[Work to be completed] There are pictures in the records below; leave them out and set down exactly the lines from the one holding "DOMINADORA. Nati Vera" through the one holding "Audi Audi Q3".

(Dataset items)
_ _ _ _

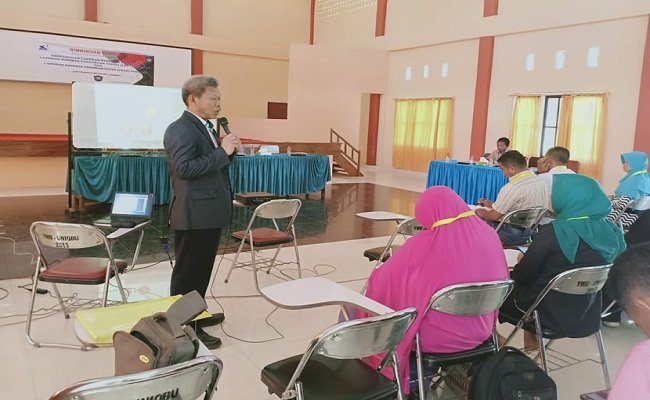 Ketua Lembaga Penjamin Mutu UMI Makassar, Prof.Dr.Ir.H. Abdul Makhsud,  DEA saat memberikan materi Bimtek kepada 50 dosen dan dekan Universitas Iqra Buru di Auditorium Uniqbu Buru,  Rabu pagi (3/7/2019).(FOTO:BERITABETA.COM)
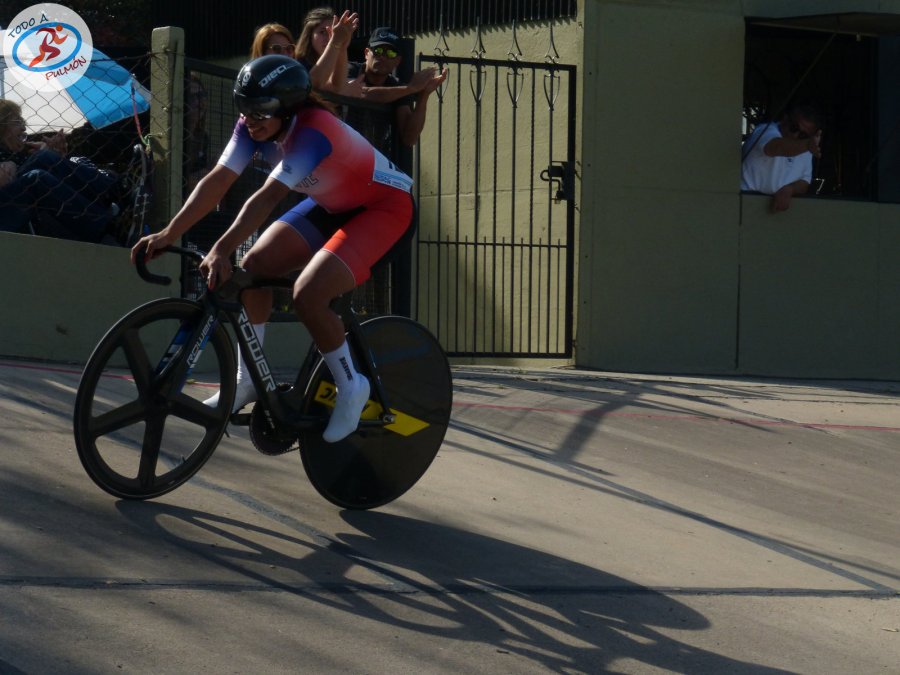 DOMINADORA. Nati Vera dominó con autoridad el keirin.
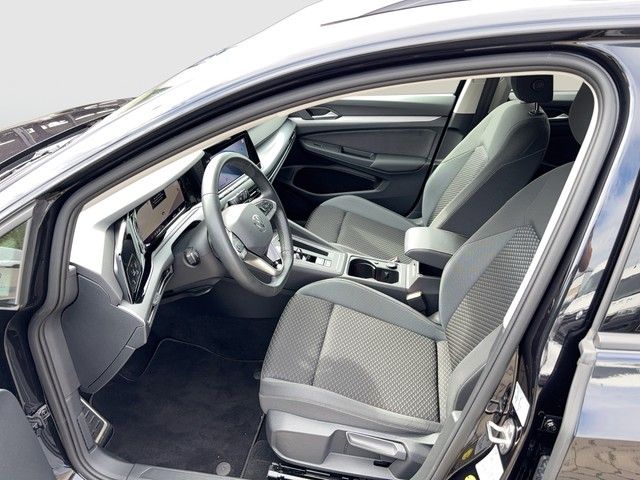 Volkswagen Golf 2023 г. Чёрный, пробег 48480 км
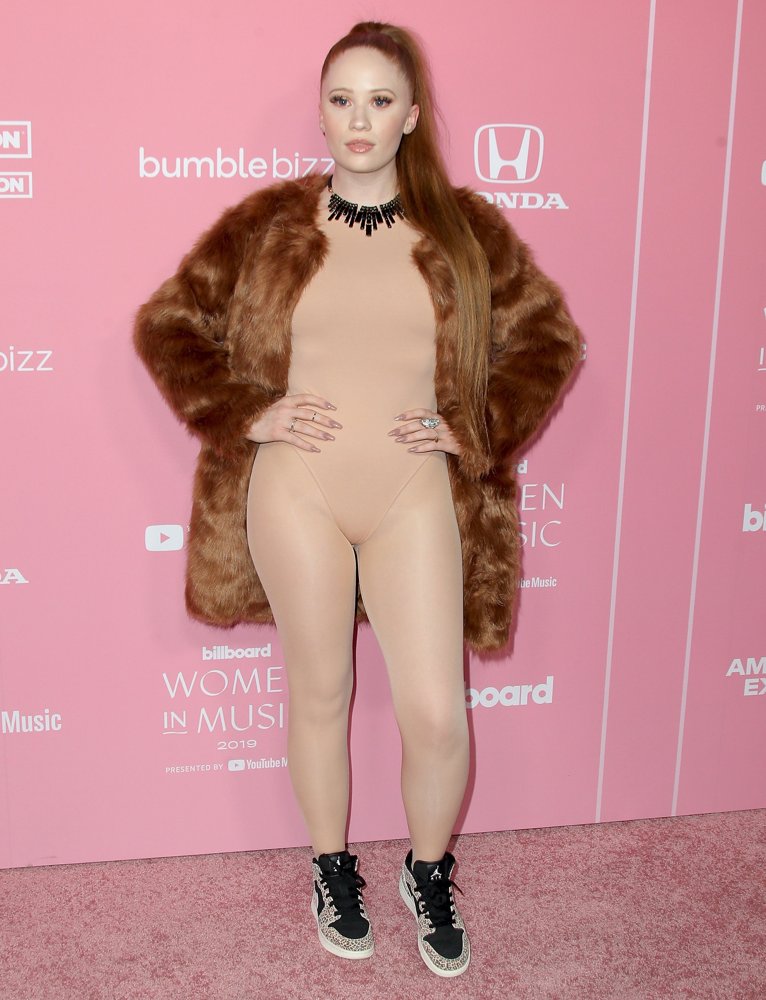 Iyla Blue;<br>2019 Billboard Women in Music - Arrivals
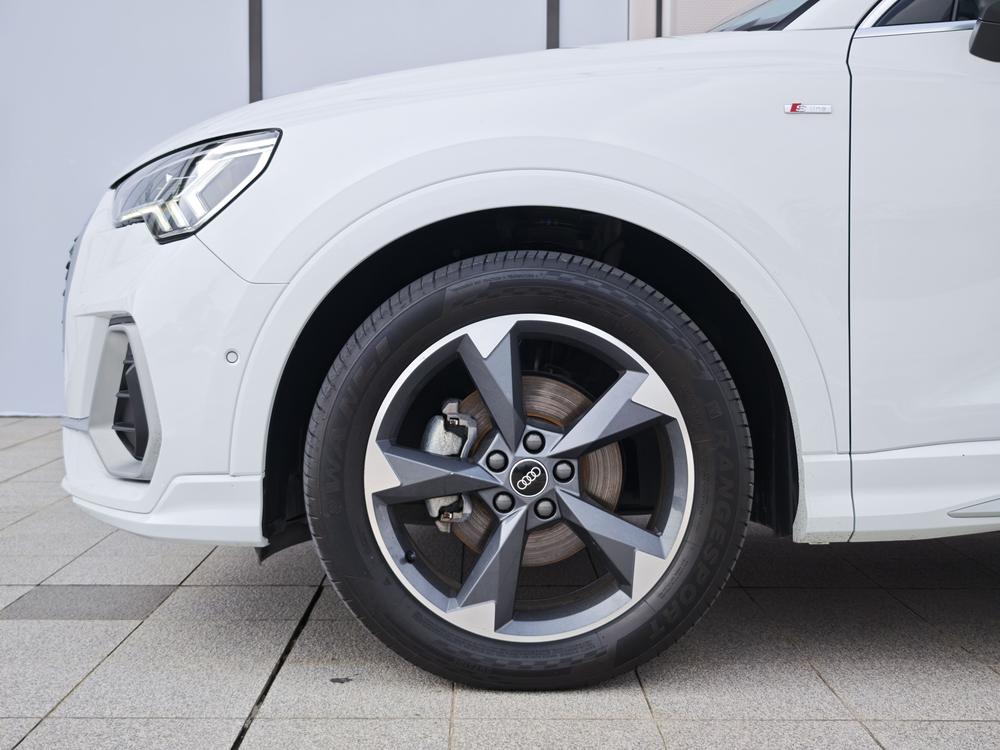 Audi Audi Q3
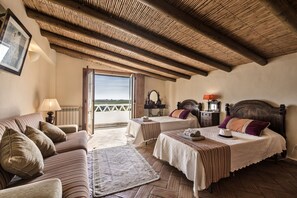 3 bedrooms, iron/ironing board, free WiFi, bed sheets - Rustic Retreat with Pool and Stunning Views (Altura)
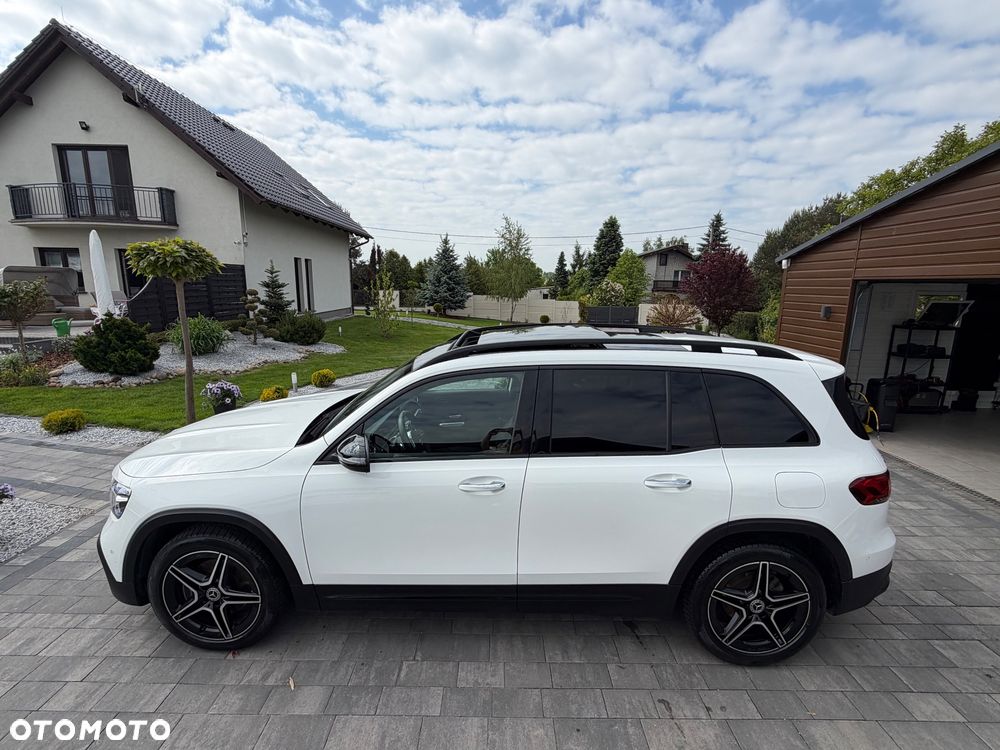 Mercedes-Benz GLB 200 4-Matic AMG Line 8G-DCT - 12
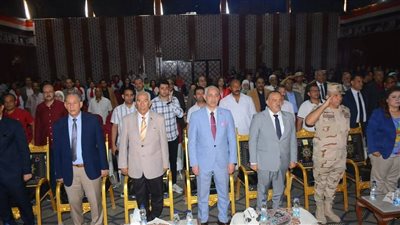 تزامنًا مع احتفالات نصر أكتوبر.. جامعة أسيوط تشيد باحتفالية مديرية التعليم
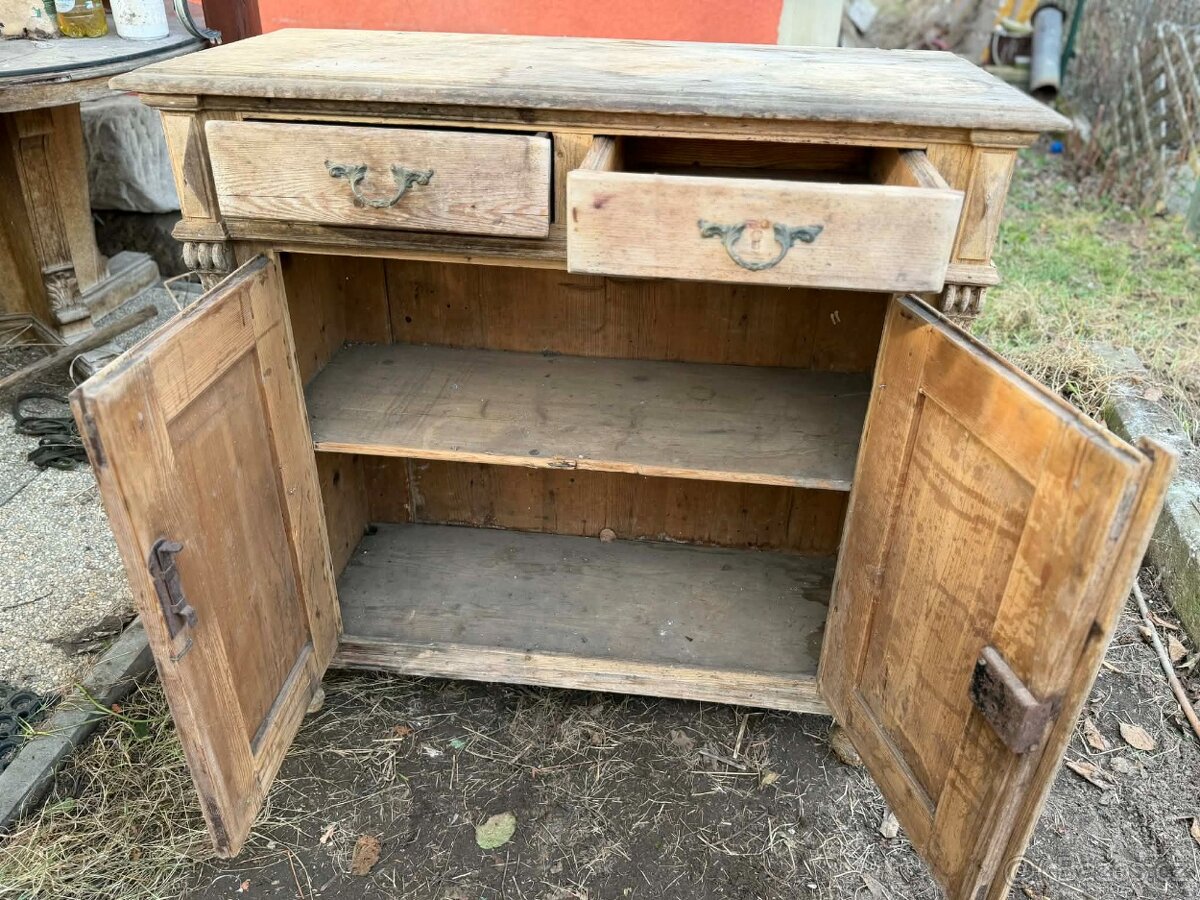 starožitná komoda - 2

_ _ _ _

[Exercise result]
 DOMINADORA. Nati Vera dominó con autoridad el keirin.
 Volkswagen Golf 2023 г. Чёрный, пробег 48480 км
 Iyla Blue;<br>2019 Billboard Women in Music - Arrivals
 Audi Audi Q3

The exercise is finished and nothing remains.